As the coronavirus spreads in the United States, nurses across the country have said they don't have enough resources to protect themselves from getting sick and hospitals are unprepared to treat patients who are infected, according to a new survey.
Of the more than 6,500 nurses who responded to the survey conducted by the union National Nurses United, only 30% reported that their employer has sufficient personal protective equipment on hand to protect staff if they see a surge in patients with suspected COVID-19 infections.
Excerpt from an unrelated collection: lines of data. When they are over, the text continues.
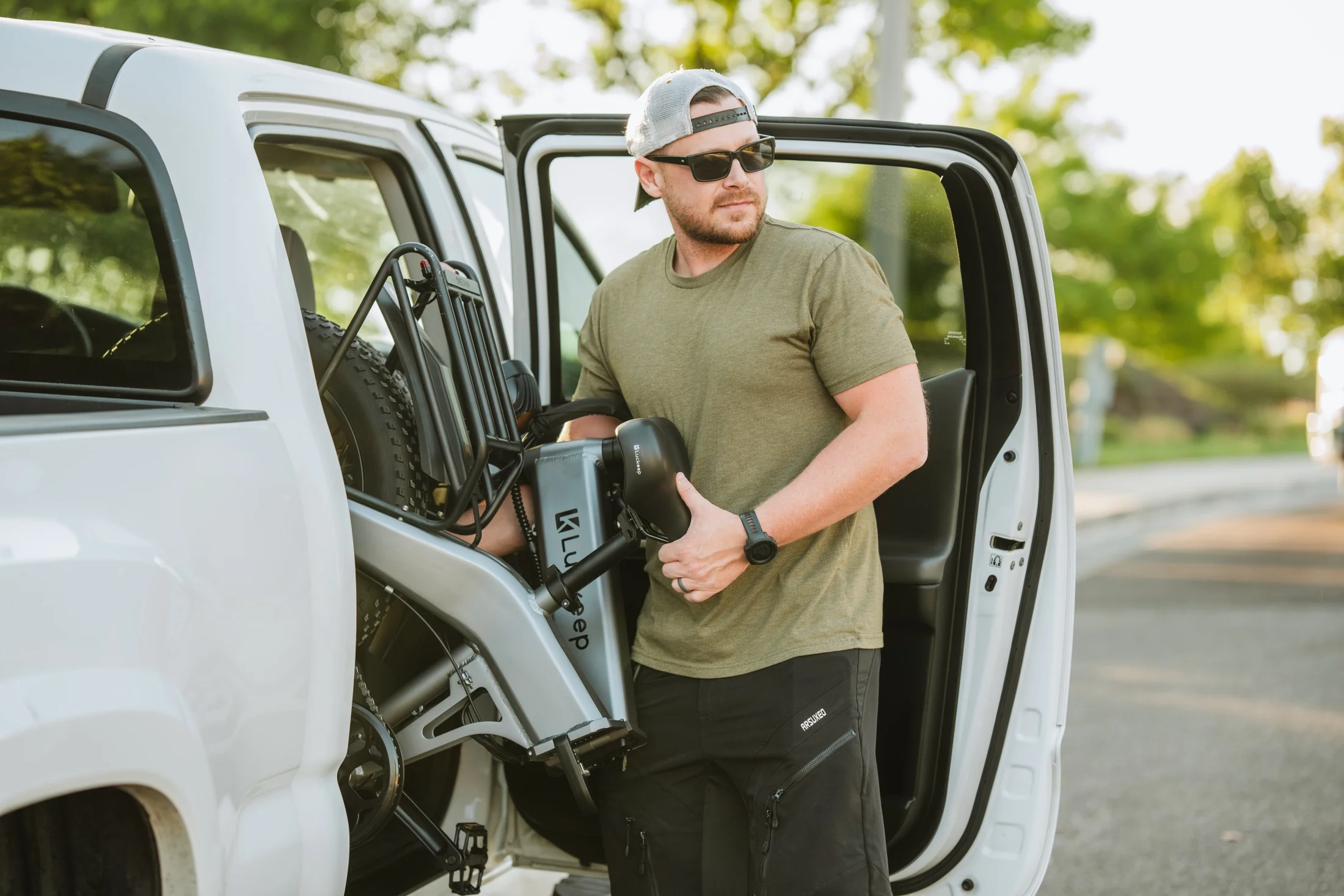 【Christmas discounts 🎄】🔥 Luckeep X1 Folding eBike｜1200W Motor｜48V15Ah Battery｜45 km/h Top Speed｜Long Range｜Off-Road｜Compact & Foldable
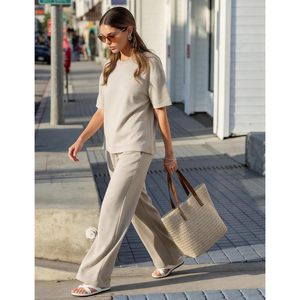 Conjunto de 2 Piezas para Mujer, Sudadera de Manga Corta y Pantalones Anchos a Juego, Ropa Casual Transpirable para Verano, con Bolsillos, Ideal para Viajes y el Aeropuerto - Product Image 4
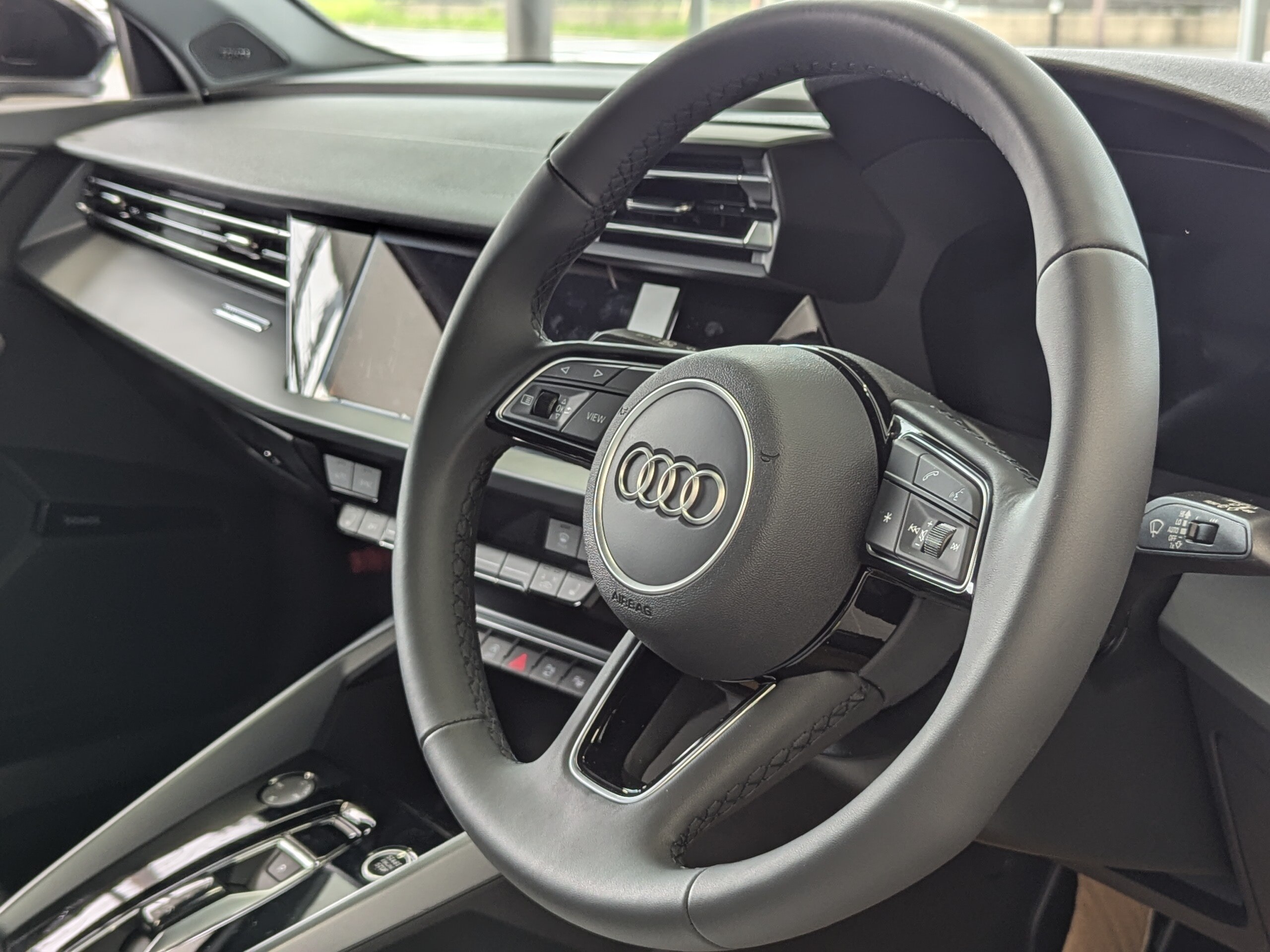 Audi A3 Sportback 30 TFSI Advanced — photo 8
Less than half of those who responded — 44% — said their employer has provided information about how to identify and respond to potential cases of the virus.
"When nurses are not protected, the community is not protected," said Cathy Kennedy, a nurse at Kaiser Permanente Roseville in California, where a patient infected with the virus died this week.
"We also hope that this death will compel hospital management to take seriously our calls for open communication, continuous training in infectious disease protocols and personal protective equipment, PPE, to keep us all safe at work and in turn our wider communities," she added.
COVID-19 was first detected in the Chinese city of Wuhan last December and has since spread to more than 80 countries, including the United States.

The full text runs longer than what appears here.